- [Collected data]:
--

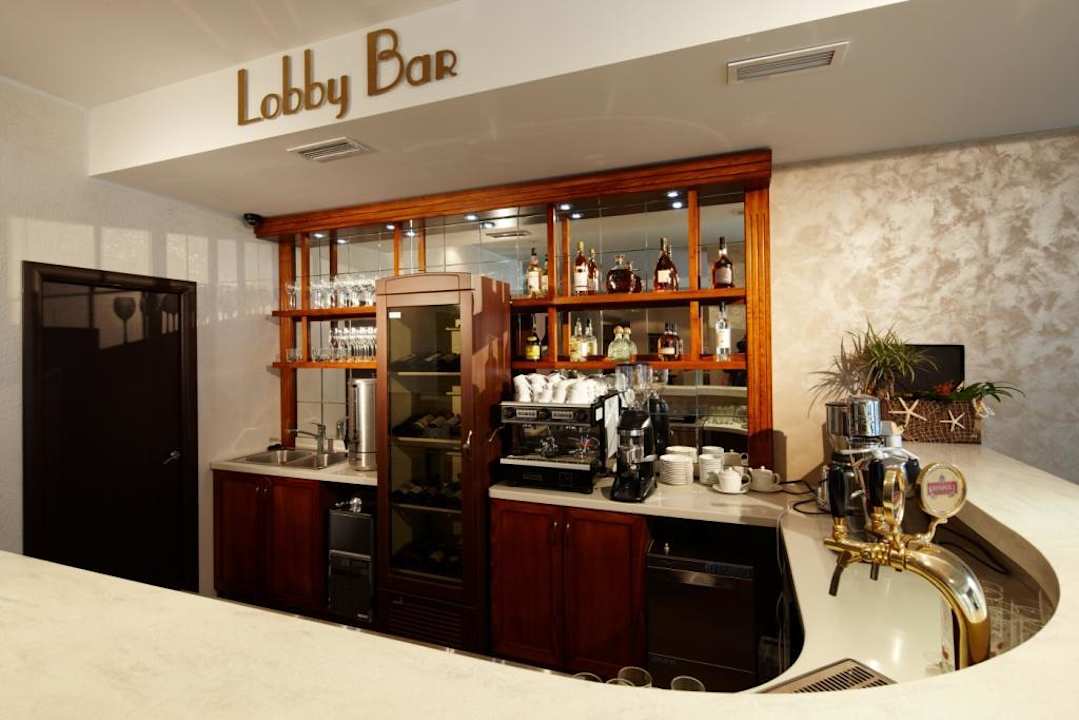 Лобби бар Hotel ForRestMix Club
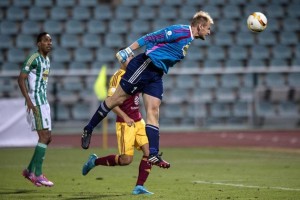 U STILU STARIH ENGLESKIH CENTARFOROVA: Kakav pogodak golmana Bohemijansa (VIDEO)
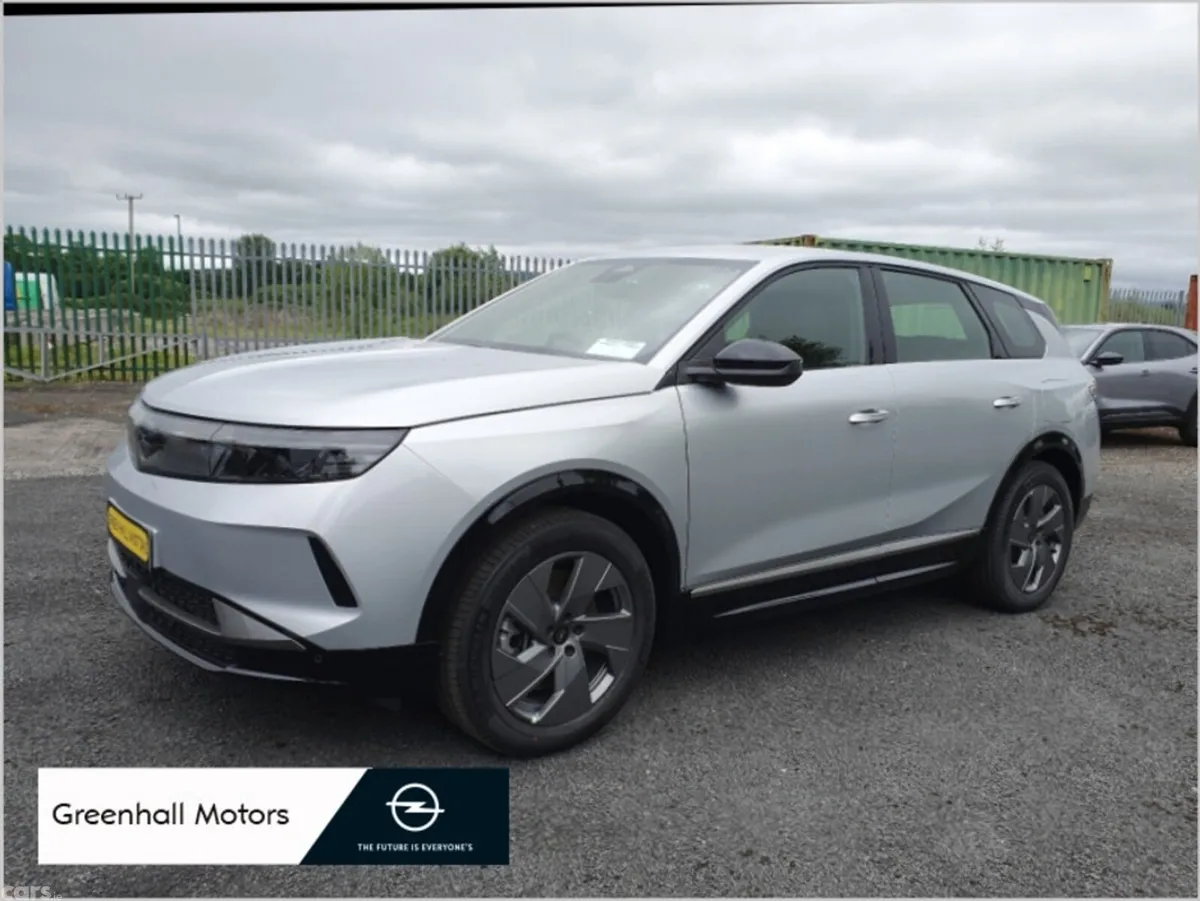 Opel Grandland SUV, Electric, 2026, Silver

--

- [Exercise]:
Copy the material exactly as written and leave every picture behind.

- [Final answer]:
 Лобби бар Hotel ForRestMix Club
 U STILU STARIH ENGLESKIH CENTARFOROVA: Kakav pogodak golmana Bohemijansa (VIDEO)
 Opel Grandland SUV, Electric, 2026, Silver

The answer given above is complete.